The philosophy is firmly Scottish- local produce, quality organic meats- but there are pepperings of ragu, strains of coriander and smatterings of Italian cheese throughout the menu. Whilst the daily specials menu is inspired, it still has stiff competition with regulars such as meatloaf; smoked haddock and tiger prawn liguine; and neeps and tatties. I couldn't ignore the starter of Stornoway white pudding with apple, crispy onions and Cumberland sauce. My university days in Edinburgh founded my love of such puddings and although the black version is also available, it would be foolish to pass up its white cousin.

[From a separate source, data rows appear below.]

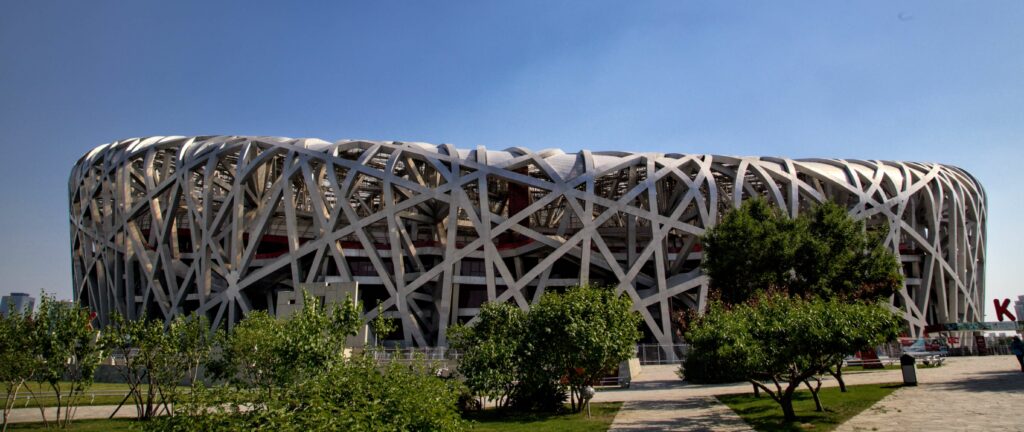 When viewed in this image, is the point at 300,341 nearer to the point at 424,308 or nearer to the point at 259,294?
the point at 424,308

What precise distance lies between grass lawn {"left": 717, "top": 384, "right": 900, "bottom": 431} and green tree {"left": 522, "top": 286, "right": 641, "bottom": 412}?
3.79m

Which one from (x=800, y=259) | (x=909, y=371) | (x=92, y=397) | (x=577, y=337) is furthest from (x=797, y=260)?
(x=92, y=397)

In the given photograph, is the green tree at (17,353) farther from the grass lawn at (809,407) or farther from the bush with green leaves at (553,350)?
the grass lawn at (809,407)

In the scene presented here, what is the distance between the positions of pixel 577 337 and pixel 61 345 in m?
15.1

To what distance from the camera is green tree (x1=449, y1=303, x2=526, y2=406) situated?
17.2 metres

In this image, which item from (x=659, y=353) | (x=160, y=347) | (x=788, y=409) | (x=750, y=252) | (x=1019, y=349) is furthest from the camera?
(x=659, y=353)

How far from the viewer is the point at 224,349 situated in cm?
1778

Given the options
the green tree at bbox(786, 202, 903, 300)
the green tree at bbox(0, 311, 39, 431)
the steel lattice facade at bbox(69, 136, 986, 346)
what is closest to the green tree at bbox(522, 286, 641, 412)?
the green tree at bbox(786, 202, 903, 300)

Perfectly moist on-the-bone chicken breast is encased in a salt-crisp skin, and compliments the al dente (although slightly underseasoned) red cabbage accompaniment. My food envy fuse is immediately ignited by the salmon and coriander pastry parcel (which for all purposes is a Cornish pasty in design). Both my companions had to provide me with generous forkfuls- the pastry is soft and there is plentiful fish.
Dessert was skipped with unfortunate external time pressures (but by no means on account of the attentive but informal service style). For a next visit, Glasgow offers a wealth of eating experiences, but I'd find it hard not to resist Gandolfi or its sister establishment for a more leisurely affair.